Autocrítica significa no empeñarnos en
ser tal y como éramos; o no querer repetir los modelos ideológicos que nos
inspiran. Ni las derechas ni las izquierdas pueden ser como fueron. No se puede
recurrir al capital moral de la memoria de las víctimas de la Segunda República
para reivindicar la Tercera, sino para hacer la política de otra manera.

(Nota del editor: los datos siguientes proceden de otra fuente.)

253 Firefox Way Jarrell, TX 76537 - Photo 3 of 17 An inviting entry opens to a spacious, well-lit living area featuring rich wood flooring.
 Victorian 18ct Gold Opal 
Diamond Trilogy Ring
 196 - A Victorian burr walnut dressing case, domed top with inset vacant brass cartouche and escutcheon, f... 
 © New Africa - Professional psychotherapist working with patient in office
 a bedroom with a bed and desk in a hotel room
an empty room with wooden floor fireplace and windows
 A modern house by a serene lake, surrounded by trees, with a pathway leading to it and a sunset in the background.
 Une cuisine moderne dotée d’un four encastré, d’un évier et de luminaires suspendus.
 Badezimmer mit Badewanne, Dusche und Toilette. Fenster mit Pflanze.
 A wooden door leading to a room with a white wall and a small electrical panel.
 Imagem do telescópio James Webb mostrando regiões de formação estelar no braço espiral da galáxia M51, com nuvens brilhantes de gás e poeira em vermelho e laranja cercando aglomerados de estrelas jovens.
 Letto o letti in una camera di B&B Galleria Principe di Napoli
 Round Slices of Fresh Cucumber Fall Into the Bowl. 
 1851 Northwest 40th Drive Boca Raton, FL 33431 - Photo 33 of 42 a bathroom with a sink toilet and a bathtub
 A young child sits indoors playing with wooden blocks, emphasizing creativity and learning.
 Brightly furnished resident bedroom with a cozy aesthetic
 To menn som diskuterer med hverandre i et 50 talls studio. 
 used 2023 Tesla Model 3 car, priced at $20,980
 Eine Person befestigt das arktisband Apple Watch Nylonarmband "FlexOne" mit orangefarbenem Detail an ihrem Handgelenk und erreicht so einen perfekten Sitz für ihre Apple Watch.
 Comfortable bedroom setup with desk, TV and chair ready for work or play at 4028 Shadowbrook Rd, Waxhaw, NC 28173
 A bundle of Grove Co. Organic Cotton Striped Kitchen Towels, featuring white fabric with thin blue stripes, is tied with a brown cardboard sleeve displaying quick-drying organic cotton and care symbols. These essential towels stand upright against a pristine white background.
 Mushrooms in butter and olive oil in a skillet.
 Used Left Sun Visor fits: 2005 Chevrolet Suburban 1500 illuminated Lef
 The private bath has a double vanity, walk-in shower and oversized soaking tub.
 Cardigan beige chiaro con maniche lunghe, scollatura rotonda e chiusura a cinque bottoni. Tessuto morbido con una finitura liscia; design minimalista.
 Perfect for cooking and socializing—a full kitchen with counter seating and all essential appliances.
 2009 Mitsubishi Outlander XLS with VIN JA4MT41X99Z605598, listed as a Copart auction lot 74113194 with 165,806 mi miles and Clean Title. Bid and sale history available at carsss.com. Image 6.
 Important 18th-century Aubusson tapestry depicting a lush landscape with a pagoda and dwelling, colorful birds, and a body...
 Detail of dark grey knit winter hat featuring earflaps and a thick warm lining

La atención al otro es como la
prueba del algodón, esto es, lo que nos indica si estamos hablando de memoria
histórica o de justicia histórica, que no es exactamente lo mismo. No encuentro
mejor forma de expresar la importancia de la atención al otro para romper con
el pasado fratricida y auspiciar un nuevo tiempo que el gesto de Isaac Rabin y Yasset
Arafat cuando el Acuerdo de Oslo de 1993. Se dan la mano comprometiéndose a
tener presente los sufrimientos del otro, además de los propios. Un gesto que,
pese a su trágico destino, mereció un Premio Nobel de la Paz. Estos dos
dirigentes políticos, tan enfrentados, habían entendido que una propuesta
política sólo vale para todos si vale para uno el sufrimiento del otro. Y una
ley como ésta debe valer para todos.
Un gesto como el de Oslo se echa de
menos en esta ley, demasiado centrada, como su título dice, en la memoria de
las víctimas de un lado. El capítulo IV, que habla de las medidas que tomar
para evitar la repetición, debería entender que contribuye más a la no repetición el espíritu de Oslo que
las disposiciones legales que persiguen la apología del golpismo o proponen la
enseñanza rigurosa de los hechos, siendo ésta necesaria.